There's no rule, and I don't think this system is just a selection of the
best, discouraging children who did not succeed from choosing math.

It's just much easier and more natural to see the beauty of mathematics while
spending enough time on learning, solving problems and engaging in
competitions. Oh, yes, I'm still seeing it despite years in MIPT with some
real math. There's a lot of fun in it. For example, we had "mathematical
battles", when two teams had to present and defend their solutions and get
score points from jury. It's also a very special and friendly environment,
where you can meet people, connect to universities and build social network
that will serve you for the whole of your life. I still have a lot of friends
from summer math schools which I attended in early 90s. For many it's also a
social lift, egalitarian by it's nature, where distinction between rich and
poor is almost invisible (not like on the street or a schoolyard), it allows
many children from small towns across the country to enter top universities
and build successful career, not necessarily in science.

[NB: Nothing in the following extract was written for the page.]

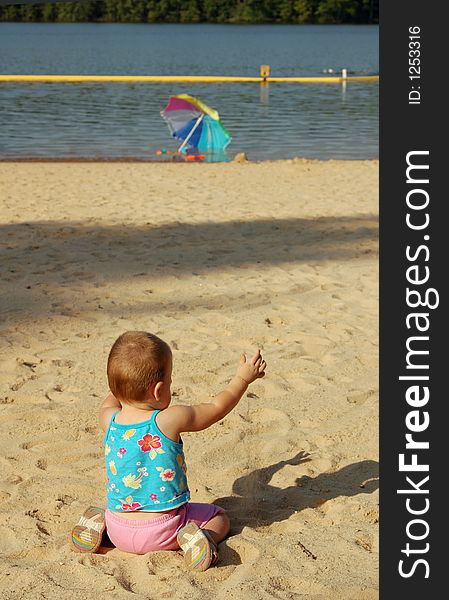 Baby On The Summer Beach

I will never blame this system for presenting math "in wrong way". It doesn't
have to show the world of grown-ups. And, by the way, we never heard the word
"genius" (except applied to Pushkin or Einstein).

------
lpolovets
Like a few commenters on this thread, I participated in a lot of math contests
in high school. Never made the IMO but placed at/near the top in regional and
statewide competitions.

On the one hand, my experience mirrors some of what the article talks about: I
learned very quickly that the things professional mathematicians work on are
very different from math contest problems. (I went to college intending to
major in math, but switched to CS as soon as I took a semester of abstract
algebra.)

On the other hand, the article seems to imply that many great mathematicians
look down on math competitions for not giving an accurate portrayal of math as
a career path. I don't see why that is an issue. My high school was a math
magnet school, and 100s of students participated in monthly contests like
California Math League. Almost every participant that I talked to in those
days did math contests because they were fun, or because they were an
interesting challenge. I never met anyone who said "I want to be a
mathematician, and contests are clearly the first step on that road."

For me, math contests are like high school sports or drama or anything else.
They appeal to certain subgroups of kids, they're fun and hopefully
educational/useful in some way, and they don't have to be more than that.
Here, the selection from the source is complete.